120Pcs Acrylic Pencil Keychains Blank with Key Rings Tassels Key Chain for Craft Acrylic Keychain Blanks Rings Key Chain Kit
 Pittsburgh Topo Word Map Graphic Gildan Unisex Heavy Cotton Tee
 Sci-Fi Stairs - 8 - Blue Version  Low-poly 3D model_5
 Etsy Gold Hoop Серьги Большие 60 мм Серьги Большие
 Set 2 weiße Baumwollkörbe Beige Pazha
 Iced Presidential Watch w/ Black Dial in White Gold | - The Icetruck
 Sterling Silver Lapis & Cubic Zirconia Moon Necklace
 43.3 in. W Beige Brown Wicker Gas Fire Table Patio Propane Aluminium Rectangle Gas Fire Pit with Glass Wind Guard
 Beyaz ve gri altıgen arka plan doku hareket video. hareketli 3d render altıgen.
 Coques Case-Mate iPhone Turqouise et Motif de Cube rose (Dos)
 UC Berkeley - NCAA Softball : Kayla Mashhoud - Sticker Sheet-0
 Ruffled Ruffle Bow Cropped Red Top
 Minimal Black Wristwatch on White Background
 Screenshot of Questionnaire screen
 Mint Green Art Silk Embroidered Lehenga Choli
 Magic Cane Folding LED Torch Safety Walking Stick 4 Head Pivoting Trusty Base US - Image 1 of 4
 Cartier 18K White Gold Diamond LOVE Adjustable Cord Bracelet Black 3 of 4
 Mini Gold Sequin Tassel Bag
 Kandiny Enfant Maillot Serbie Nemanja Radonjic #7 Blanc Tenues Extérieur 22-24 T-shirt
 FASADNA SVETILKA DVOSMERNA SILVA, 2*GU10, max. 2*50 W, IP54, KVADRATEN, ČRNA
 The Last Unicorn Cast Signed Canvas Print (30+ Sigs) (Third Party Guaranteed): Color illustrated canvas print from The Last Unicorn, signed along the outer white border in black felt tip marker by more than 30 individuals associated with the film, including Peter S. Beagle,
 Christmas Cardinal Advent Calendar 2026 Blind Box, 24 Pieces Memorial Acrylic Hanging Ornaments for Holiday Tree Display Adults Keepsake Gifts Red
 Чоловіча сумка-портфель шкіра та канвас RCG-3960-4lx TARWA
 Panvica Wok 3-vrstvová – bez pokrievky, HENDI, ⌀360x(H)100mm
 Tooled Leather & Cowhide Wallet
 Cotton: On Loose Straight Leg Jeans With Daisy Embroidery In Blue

» **WHAT NEEDS TO BE DONE**
Include the first line, the line containing "Set 2 weiße Baumwollkörbe Beige Pazha", and every line between them, copied exactly from the material above; output no other line.

» **REPLY**
120Pcs Acrylic Pencil Keychains Blank with Key Rings Tassels Key Chain for Craft Acrylic Keychain Blanks Rings Key Chain Kit
 Pittsburgh Topo Word Map Graphic Gildan Unisex Heavy Cotton Tee
 Sci-Fi Stairs - 8 - Blue Version  Low-poly 3D model_5
 Etsy Gold Hoop Серьги Большие 60 мм Серьги Большие
 Set 2 weiße Baumwollkörbe Beige Pazha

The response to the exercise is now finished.